We’ll spend the rest of this review looking at two of AiHuiShou’s facets that seem to set it apart from companies like eBay, namely the big potential of its services operation and also its big potential for international expansion.

From the service perspective, AiHuiShou is a relatively unique online marketplace proposition, due to its concurrent operation of a network of brick-and-mortar stores and service centers. Specifically, the company runs a network of seven centralized operation centers and 23 city-level operation stations.

Those are complemented by a network of more than 700 offline stores and 1,500 self-serve kiosks, some provided through a partnership with local smartphone giant Xiaomi. Its major backers also include e-commerce giant JD.com, which owns 34.7% of AiHuiShou.

“This standardized processing creates widely accepted benchmarks for quality and pricing in the industry,” the company’s prospectus says. It notes that such centers can also help sellers with functions like data transfers, as well as data erasing to make sure the ultimate new buyer doesn’t end up with access to all of your photos, phone numbers and other personal data.

Within its total revenue pie, revenue from services has growing many-fold since AiHuiShou began building up that part of the business a few years ago. The figure reached 203 million yuan in this year’s first quarter, nearly triple the figure from a year earlier, accounting for 13.5% of total revenue during the latest three-month period. By comparison, services revenue was just 5.1% of the company’s total in all 2019.

The other interesting slice of AiHuiShou’s story is its potential to funnel the millions of products that cross its platforms each year into overseas markets, particularly ones at similar level of development or lower to China where something like a 5- or 6-year-old iPhone might still have some value.
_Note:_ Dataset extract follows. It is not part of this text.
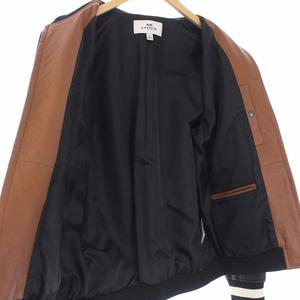 コーチ COACH LEATHER VARSITY JACKET オールレザー スタジャン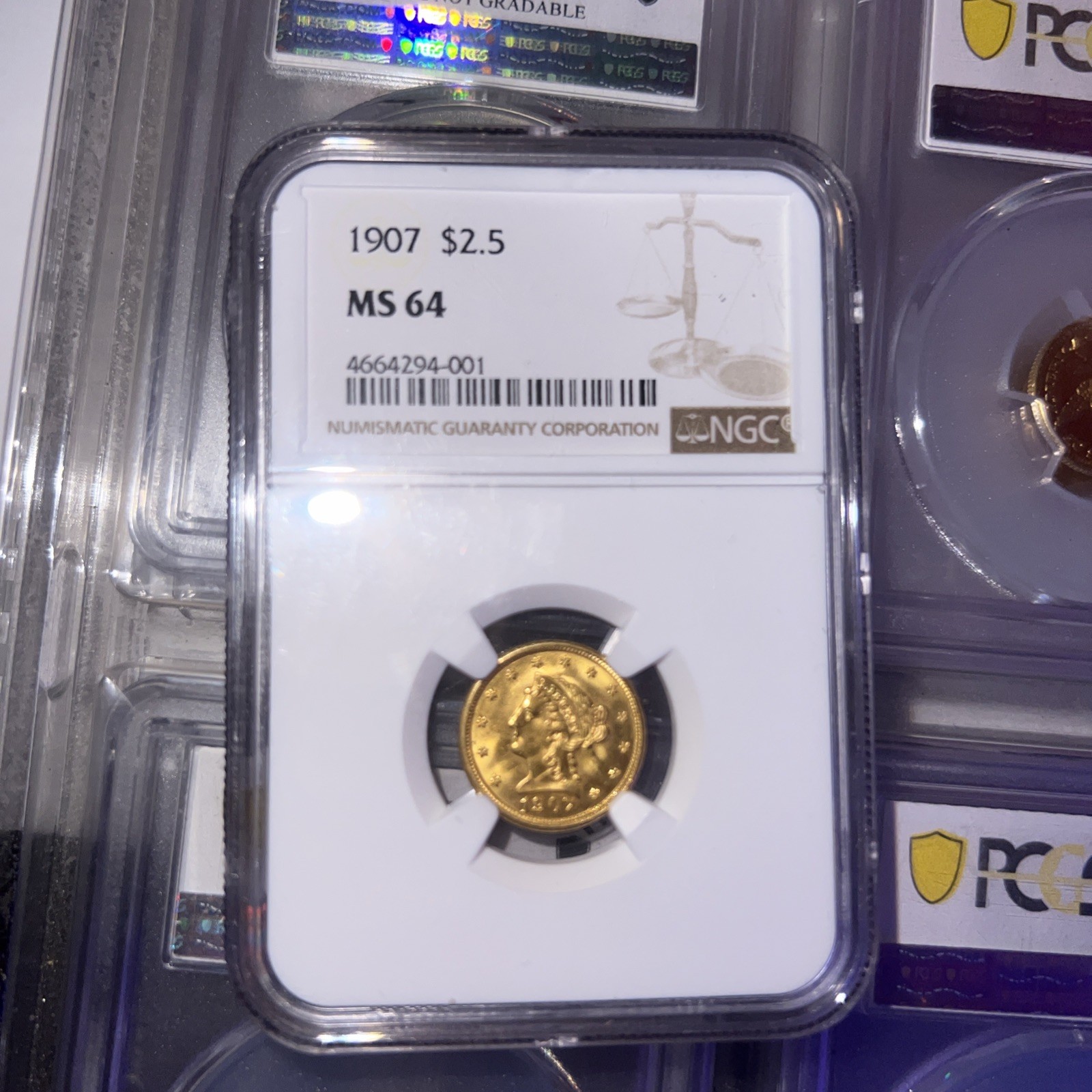 1907 P $2.50 Gold Liberty Head Quarter Eagle NGC MS-64 1907 P $2.50 Gold Liberty Head Quarter Eagle NGC MS-64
The company cites a research report saying 538 million new consumer electronic devices were sold in China last year – more than the U.S. and Europe combined. It further estimates there were about 2.6 billion electronic devices in China that still had some value last year, even though many of those weren’t actually being used.

The company, which is easily China’s largest electronics reseller with about 7% of the market, said it sees channeling some of those products to international markets in Southeast Asia, Latin America and Africa as an important growth driver. It would do that by working with local wireless carriers and device resellers, eliminating the need to set up complex local networks.
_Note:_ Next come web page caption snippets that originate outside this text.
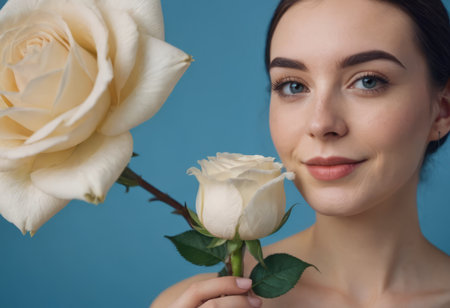 Portrait of a beautiful sensual woman with a white flower, looking tenderly at the camera on a light background. Spa concept, women's health, spa treatments and cosmetics.の素材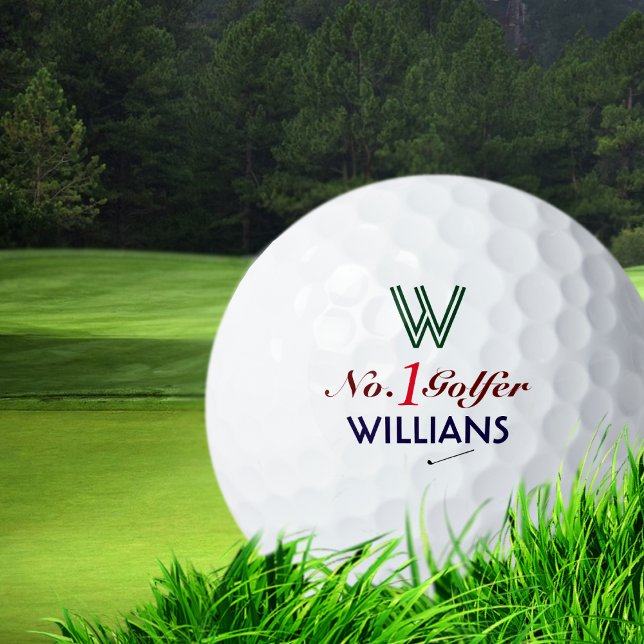 Balles De Golf numéro 1 Golfer personnalisé Monogramme (Créateur téléchargé)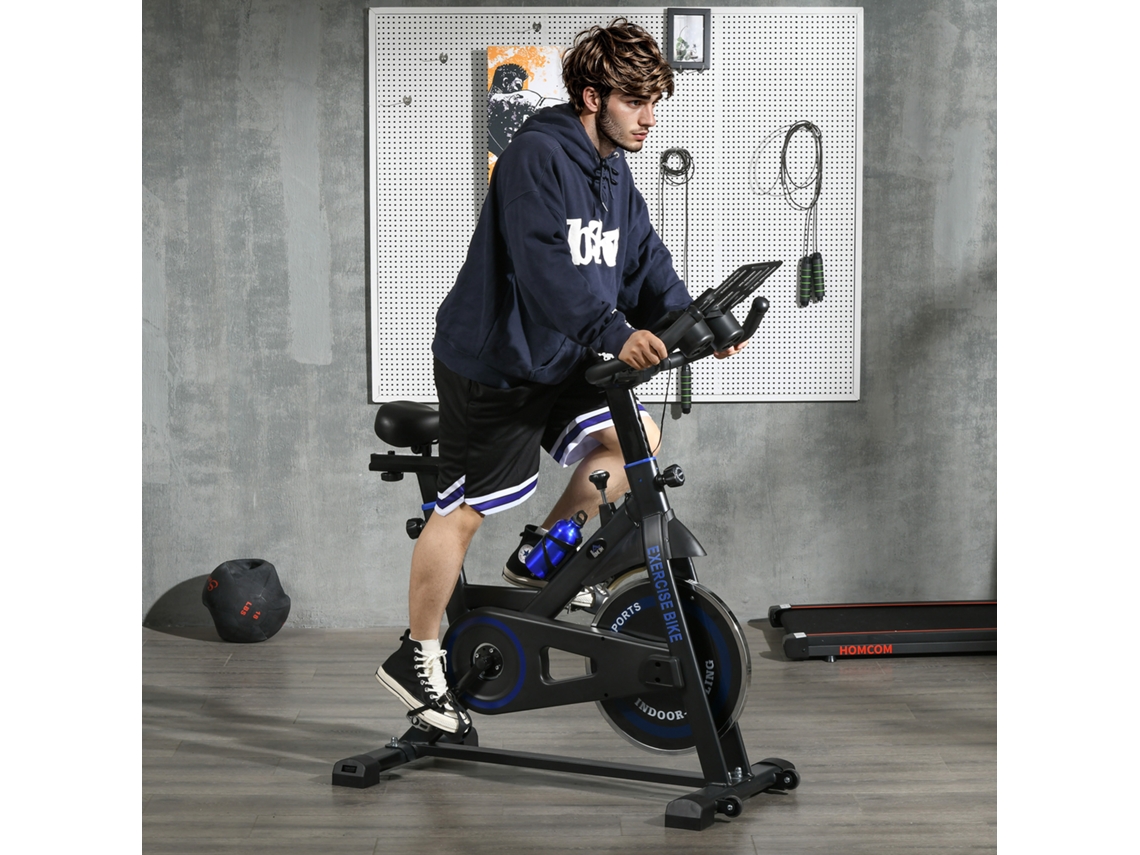 Bicicleta Ergométrica Azul Volante 8 Kg LCD 103x53x110-114 Cm | S/MARCA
The bottom line is that this company looks well-positioned in quite a number of ways to emerge as a major global player providing online and offline goods and services for buyers and sellers of used electronics. It could also benefit through tie-ups with big electronics brands to showcase its recycling nature, which looks likely to emerge as a major selling point as environmental protection, itself, becomes an increasingly strong selling point.